Даже изобретательный Ехлаков не нашелся, что ответить. Теребит свои много недель не стриженные космы и на меня украдкой косится. А Соболев нахлобучил понадежнее каску на голову и направляется к двери. [141]

— Товарищ командир, — говорит он мне, — дайте нам человека знающего, пусть проводит на передовую.

Что тут поделаешь? Повезли мы их на Федюхины высоты. Показываем нашу достопримечательность — батарею из четырех трехдюймовых пушек образца 1900 года. Пушки стоят замаскированные на открытой позиции.

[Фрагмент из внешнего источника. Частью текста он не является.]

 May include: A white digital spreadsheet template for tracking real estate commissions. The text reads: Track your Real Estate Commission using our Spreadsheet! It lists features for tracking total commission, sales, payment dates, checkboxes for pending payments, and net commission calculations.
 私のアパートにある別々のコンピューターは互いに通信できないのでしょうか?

Соболев и Алымов обошли их, осмотрели, пощупали. Вижу, заинтересовались, не оторвать их от наших «старушек». Решил продемонстрировать эти орудия в действии. Вызываю расчеты, отдыхавшие в землянках поблизости. Объявив боевую тревогу, указываю цель — только что обнаруженный немецкий дзот. Отпускаю десять снарядов.

Артиллеристы сбрасывают с орудий маскировку — заснеженные ветки. Две пушки наводятся в цель.

— Огонь!

Оглушительно ахнуло одно, потом другое орудие. После каждого выстрела пушка прыгает на своих высоченных колесах. Наводчик и заряжающий тотчас же возвращают ее на место, поправляют наводку, вгоняют в казенник новый снаряд. Взмах руки — и опять гремит выстрел.

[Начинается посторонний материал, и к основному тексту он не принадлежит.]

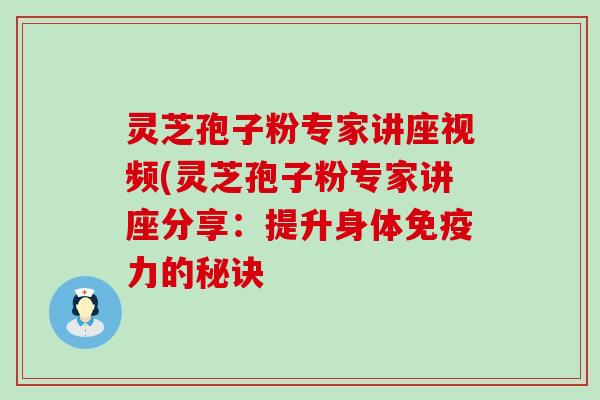 灵芝孢子粉专家讲座视频(灵芝孢子粉专家讲座分享：提升身体免疫力的秘诀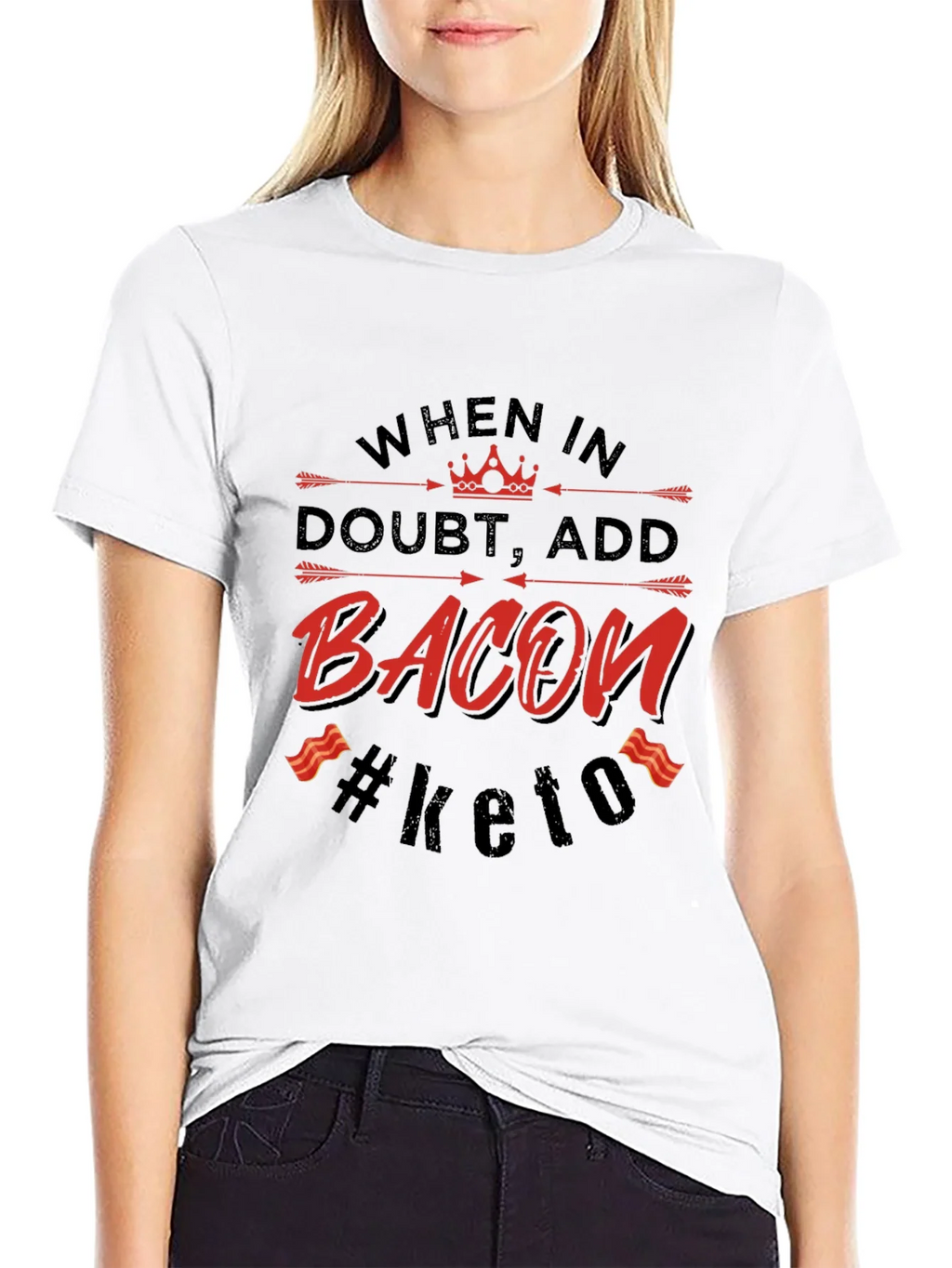 Bacon Keto T-Shirt - When in Doubt Add product image 8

Пожилой артиллерист, зарядив пушку, любовно гладит ее:

— Не подведи, ровесница! Поддай-ка Гитлеру в печенку, Антонеске в селезенку!

Писатели наблюдают за падением снарядов. Вокруг вражеского дзота поднимаются столбы дыма и пыли. Алымов в азарте машет руками, подбадривает артиллеристов:

— Дружней, дружней, ребята! Кажется, в самую точку попали!

Когда все десять снарядов были выпущены, командир огневого взвода командует:

— В укрытие, бегом!

Все спешат в землянку. Соболев кричит Алымову:

— Сережа, не отставай!

И высокий Алымов, неуклюже согнувшись и поправляя съезжающую на глаза каску, широкими шагами бежит за товарищем.

Едва успеваем укрыться в землянке, как на батарею обрушивается шквал снарядов. У немцев против наших [142] «старушек» выделена специальная дежурная батарея среднего калибра. От близких взрывов землянка ходит ходуном. Алымов косится на потолок. Матросы успокаивают его: средний снаряд не прошибет.

Старшина батареи считает взрывы. Наконец говорит:

— Все. Пятьдесят снарядов выпустили. Стрельбе конец.

— А может, сегодня по случаю прихода гостей увеличат норму? — шутит кто-то из матросов.

— Ручаюсь за немецкую точность, — уверяет старшина. — Больше ни одного не выпустят.

Действительно, тишина не нарушается больше.

— Выходи на малую приборку! — командует старшина.

Вылезаем из землянки. В воздухе — плотная пыль и удушливый дым. Но вот они понемногу рассеиваются, и мы видим — пушки лежат вверх колесами, полузасыпанные землей. Соболев горюет:

— Эх, «старушки», «старушки», недолго вам пожить довелось!

— О, — смеется старшина, — вы их еще не знаете.

Матросы деловито переворачивают пушки, ставят их на колеса, стирают с металла налипшую грязь.

— Вот и в порядке. Наши «пушки без мушки» таких налетов не боятся. Раз прямого попадания нет — они живы-здоровешеньки. Приборов на них нет, разбиваться нечему. Сейчас мы опять из них стрелять можем.

— Вот и сюжет для фронтового рассказа, — говорит Соболев. — Так и назову его — «Пушка без мушки».